Luego, se cubría la artesa con un trapo grueso para que la masa conservara la tibieza, reblandeciera y fermentara. Cuando la levadura se agrietaba, se añadía agua caliente, con cuidado para no escaldarla, y ya se podía amasar, -com més es treballava, més bó era el pa-, hasta que la pasta era uniforme y no se pegaba a las manos ni al lebrillo en el que se dejaba reposar, no sin antes retirar un poco de masa (pilot de pasta) que servía para hacer la levadura de la siguiente semana. «Aquests trossos de pasta amb forma de pans es posaven a la post damunt una roba, fent plecs perquè no es toquessin i al cap d'una hora la pasta tornava a ser tova, trencava i era a punt d'enfornar».
El horno se encendía con ramas menudas de pi, ullastre o mata y, una vez consumidas, se cargaba con leña más gruesa que quemaba hasta que la bóveda del horno adquiría un tono blancuzco, momento en que se barría el horno con una rama de pino verde, arrinconando las cenizas en el llamado clotó y ya podía hornearse. Los panes se colocaban sobre la pala en la que se dejaba un poco de harina para que la masa no se pegara a la madera y, al introducir los panes, un movimiento seco de retracción los separaba de la pala y los repartía en la base del horno. Con los panes dentro, se cerraba la boca del horno y la chimenea (fumeral), y sólo cabía vigilar la cocción y regular la temperatura, fuera destapando los agujeros de ventilación o abriendo un poco la boca del horno.

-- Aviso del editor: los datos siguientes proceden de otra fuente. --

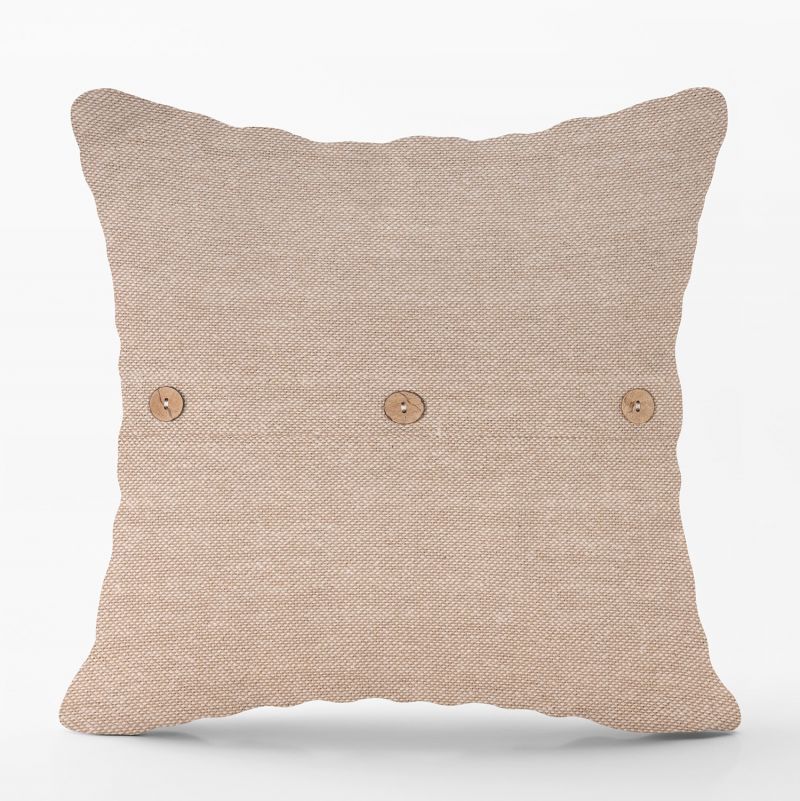 Φωτογραφία από  COTTON CUSHION 40Χ40 SOLID BEIGE WITH WOODEN BUTTONS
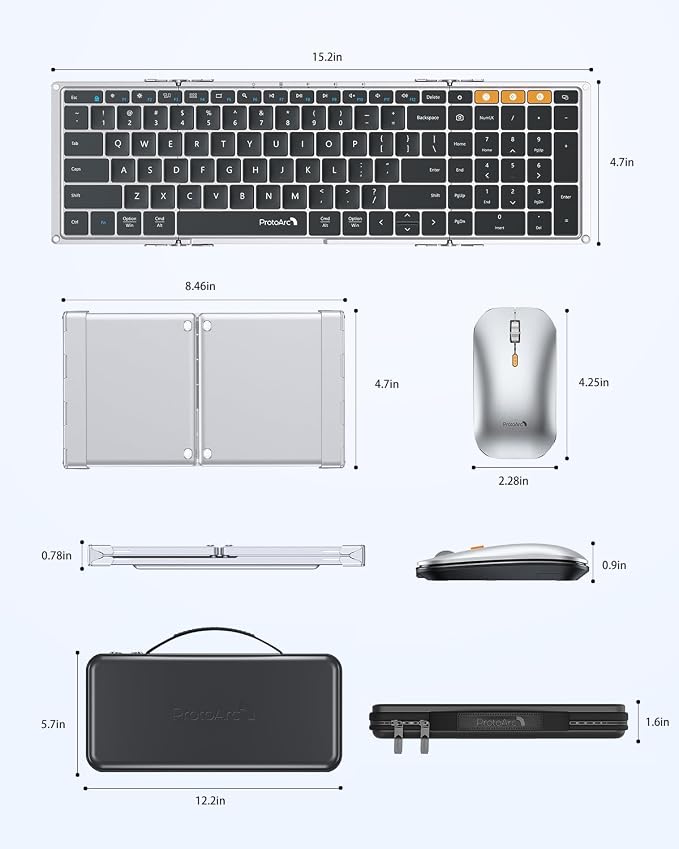ProtoArc XKM01 Full-Size Foldable Keyboard Mouse for Travel - Black Silver | 105-key keyboard, slim mouse, hard case and phone stand; 3-device Bluetooth & 2.4G switching, for travel office use - Image 9
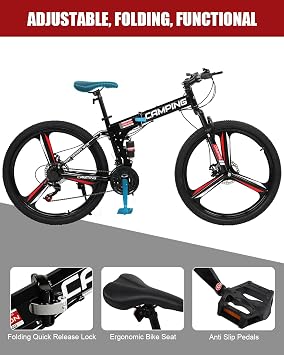 Ktaxon Foldable Mountain Bike 26 Inch Bike 21-Speed Bikes for Adults with Cool Design, Powerful Mechanical Dual Disc Brakes, Double Shock Effect and Ergonomic Cushion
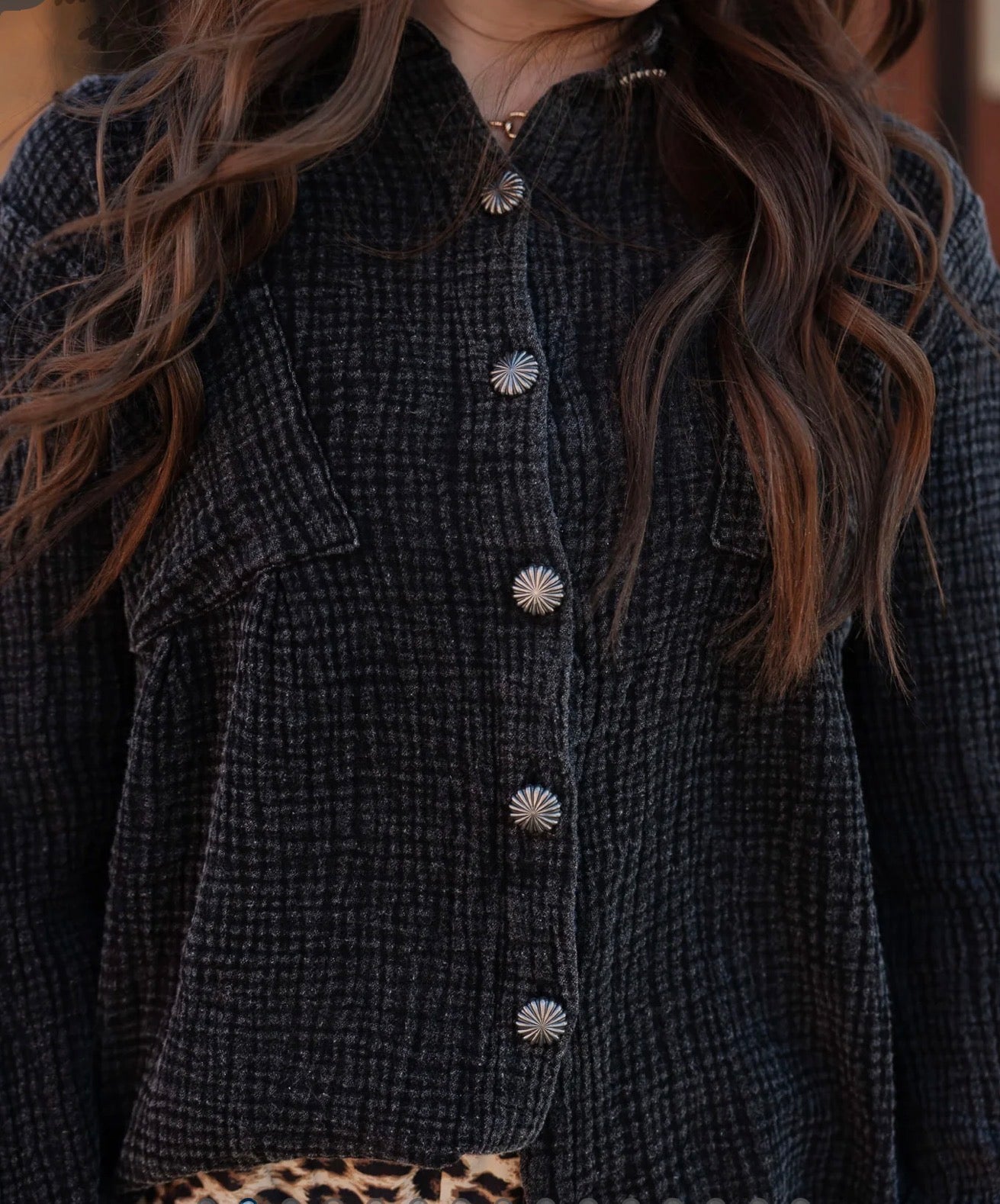 ACRES BUTTON UP TOP *MIDNIGHT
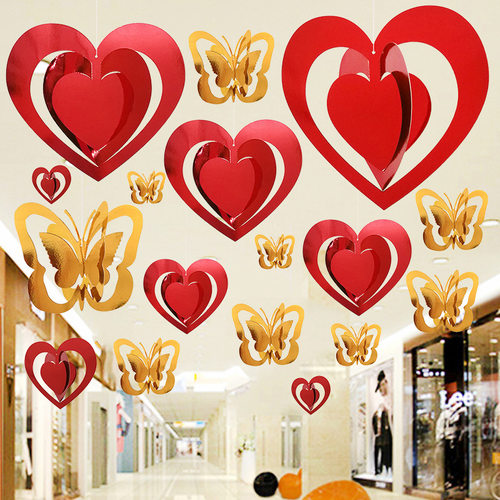3.8 Goddess Day Valentine's Day Love Pendant Five pointed Star Butterfly Pendant Wedding Decoration Shop Shopping Mall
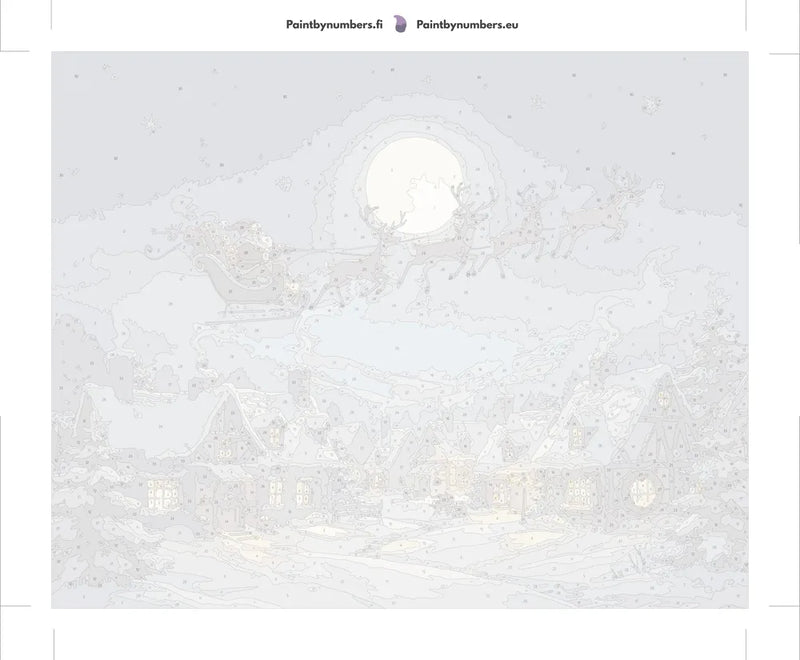 Paint by numbers canvas - Santa Sleigh Over Village
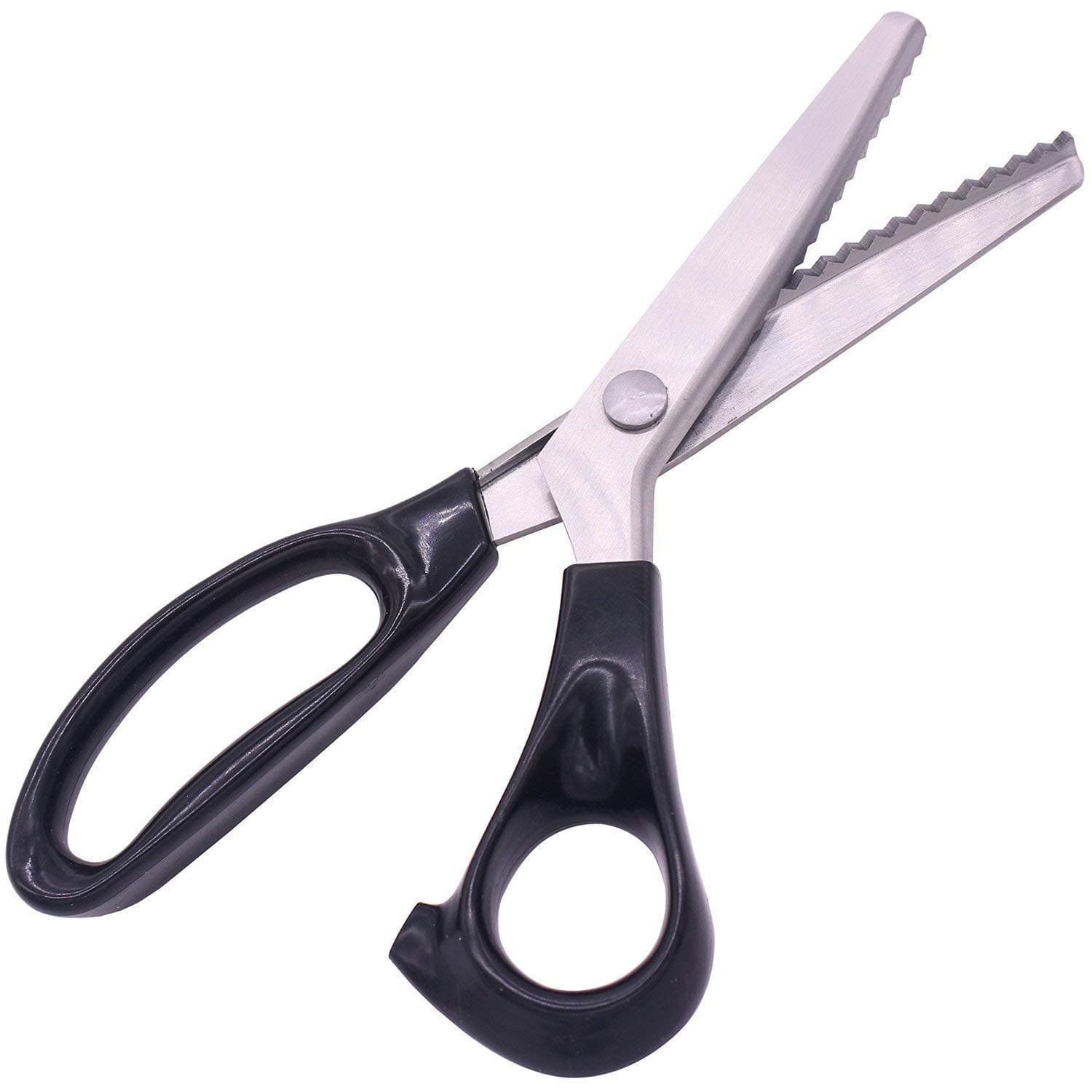 9 inch Professional Pinking Shears Fabric Crafts Zig Zag Cut Scissors - Black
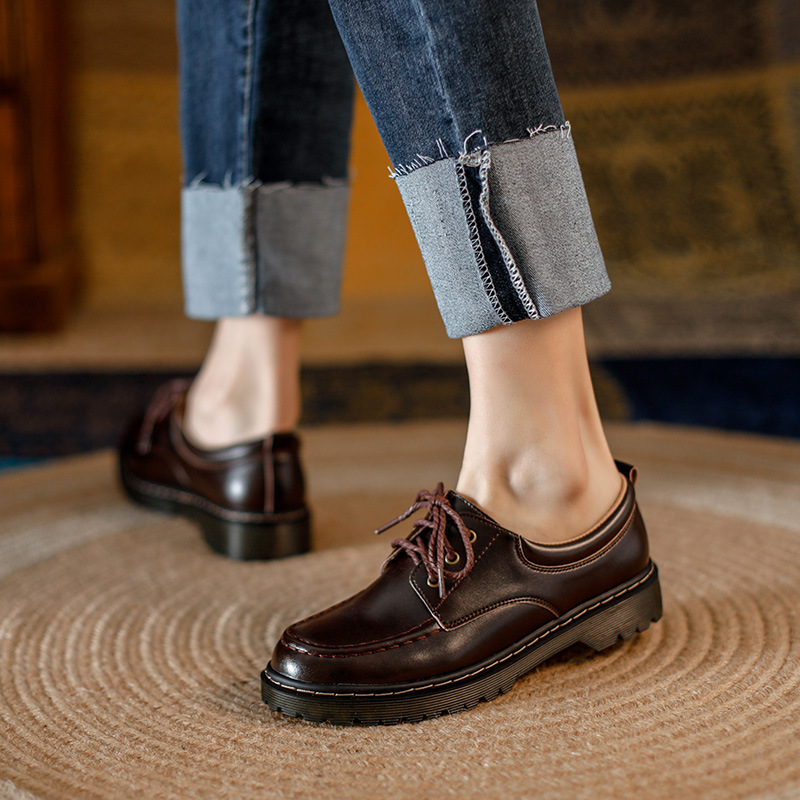 Womens Preppy Round Toe Lace-Up Leather Platform Shoes Oxfords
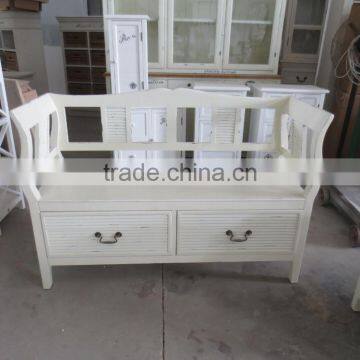 Shabby Large Wooden Stool for 3 People photo-3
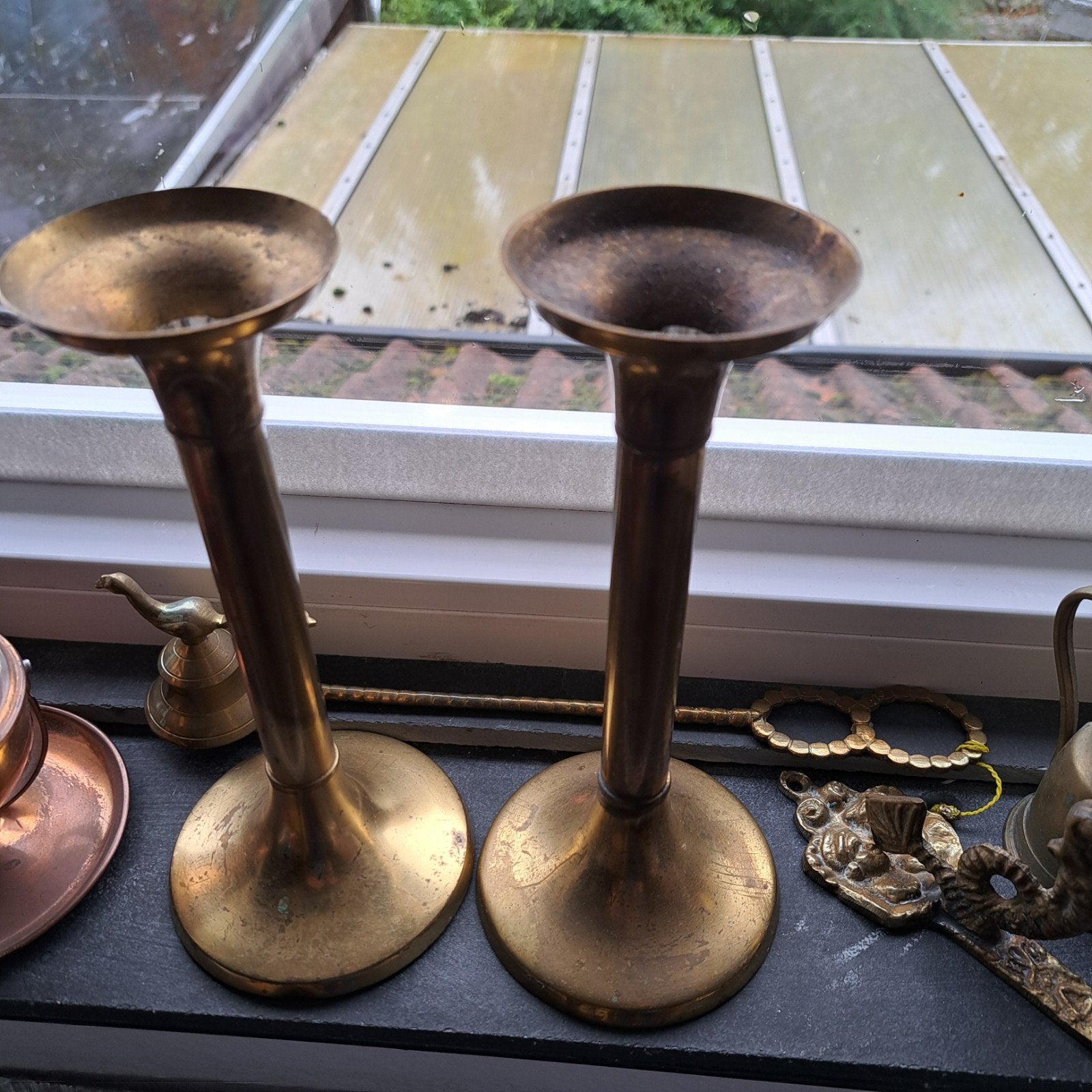 Diverse koperen en bronzen decoratie en kandelaars, Ophalen of Verzenden, Koper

A media cocción, se removían los panes para que no se juntaran y en menos de dos horas la cocción acababa y los panes se sacaban con un palo largo en forma de T, (el tiràs), se limpiaban con un paño para eliminar cualquier rastro de cenizas y se tapaban sobre una tabla para que perdieran poco a poco el calor interior.
Mejor el del día anterior
Como dato curioso diré que, en muchas casas, se prefería comer el pan del día anterior, en la creencia que recién salido de horno era indigesto. «I del pa eixut, de cinco o més dies, per dur que fos, sempre se'n podía treure un bon plat de sopes escaldades, fetes amb petites llesques de pa, poc gruixudes, negades amb aigua bullent i amb uns brotets de frígola». Algunos abuelos desayunaban aquellas sopas que, para mi sorpresa, acompañaban con un trozo de pan.